### Work instructions:
From the records below, output exactly the lines running from the line containing "上里町七本木　中古900の前面道路含む現地写真" through the line containing "309 Sunset Ln Unidad D", and no others.

### Data records:
****************************************
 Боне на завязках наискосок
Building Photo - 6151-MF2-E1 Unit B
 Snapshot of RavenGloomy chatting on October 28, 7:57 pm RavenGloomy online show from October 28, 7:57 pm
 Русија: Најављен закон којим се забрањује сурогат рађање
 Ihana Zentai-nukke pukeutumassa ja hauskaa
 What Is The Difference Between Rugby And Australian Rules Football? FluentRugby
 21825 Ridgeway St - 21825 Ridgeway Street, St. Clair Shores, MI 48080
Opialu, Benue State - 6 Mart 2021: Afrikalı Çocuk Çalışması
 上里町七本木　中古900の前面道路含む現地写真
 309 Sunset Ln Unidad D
****************************************
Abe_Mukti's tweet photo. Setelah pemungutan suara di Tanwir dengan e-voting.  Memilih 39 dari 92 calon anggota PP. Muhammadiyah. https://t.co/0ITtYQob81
****************************************
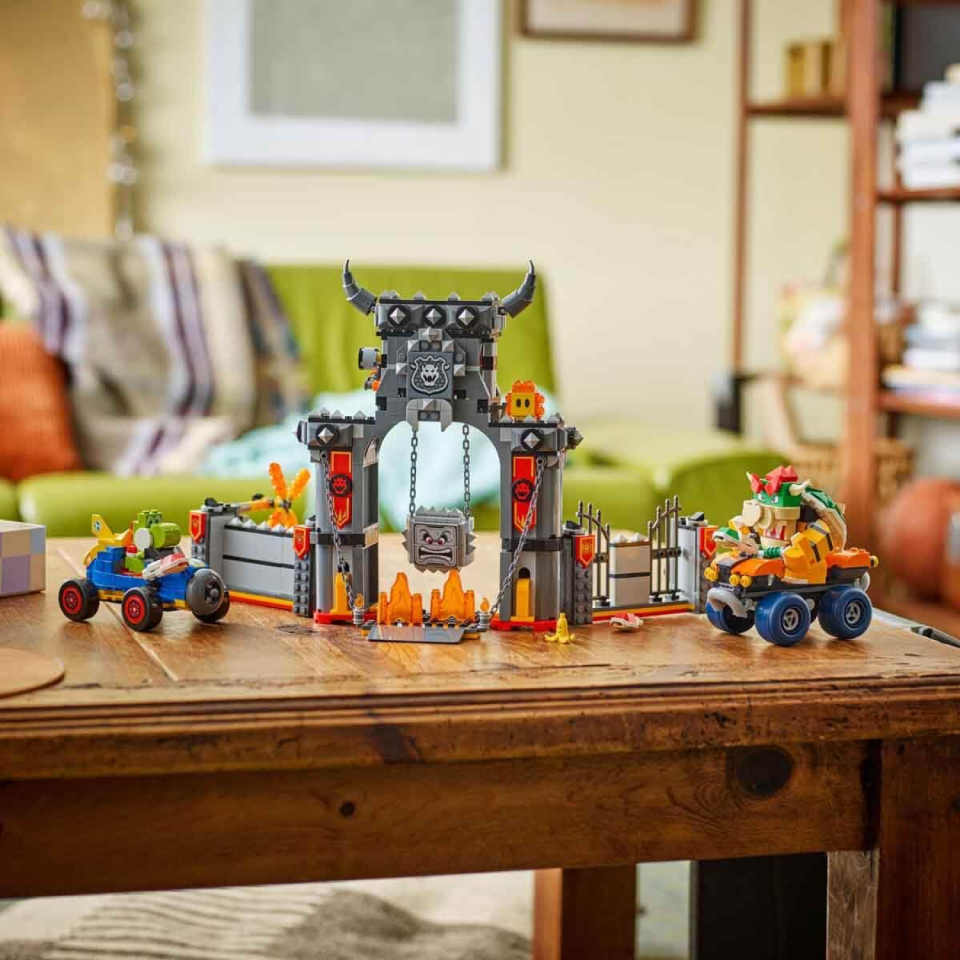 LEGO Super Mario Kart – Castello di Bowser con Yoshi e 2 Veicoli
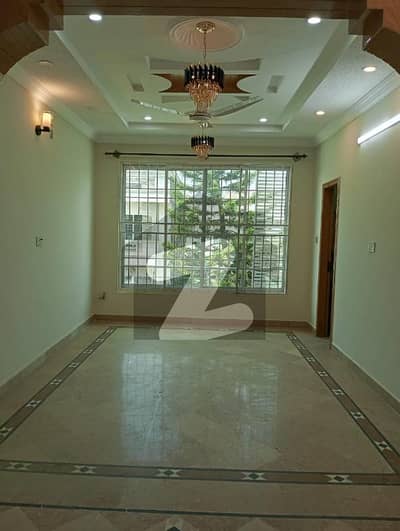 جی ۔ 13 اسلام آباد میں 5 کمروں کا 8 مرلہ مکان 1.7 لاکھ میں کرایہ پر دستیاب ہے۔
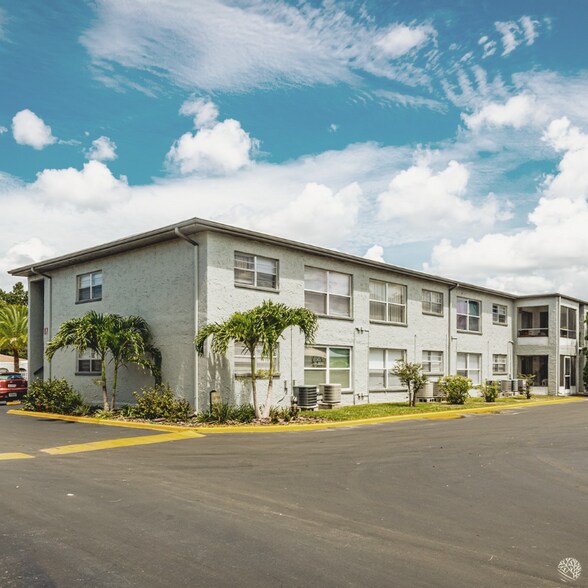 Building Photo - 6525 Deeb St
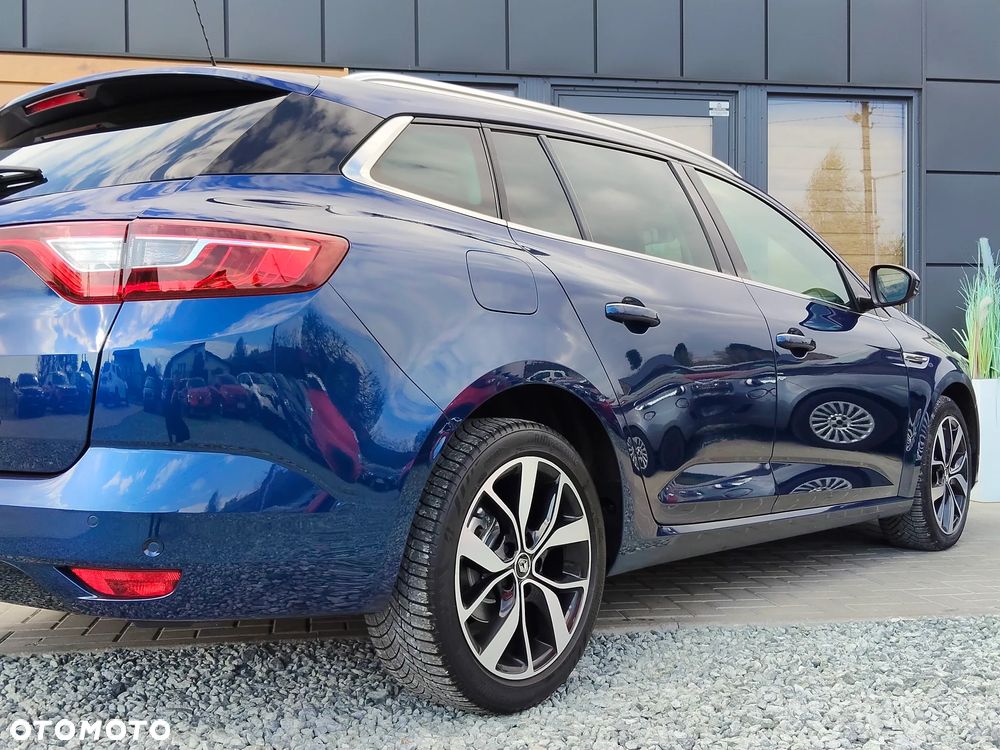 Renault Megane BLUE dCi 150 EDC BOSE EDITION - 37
****************************************
### Solution to the problem:
 上里町七本木　中古900の前面道路含む現地写真
 309 Sunset Ln Unidad D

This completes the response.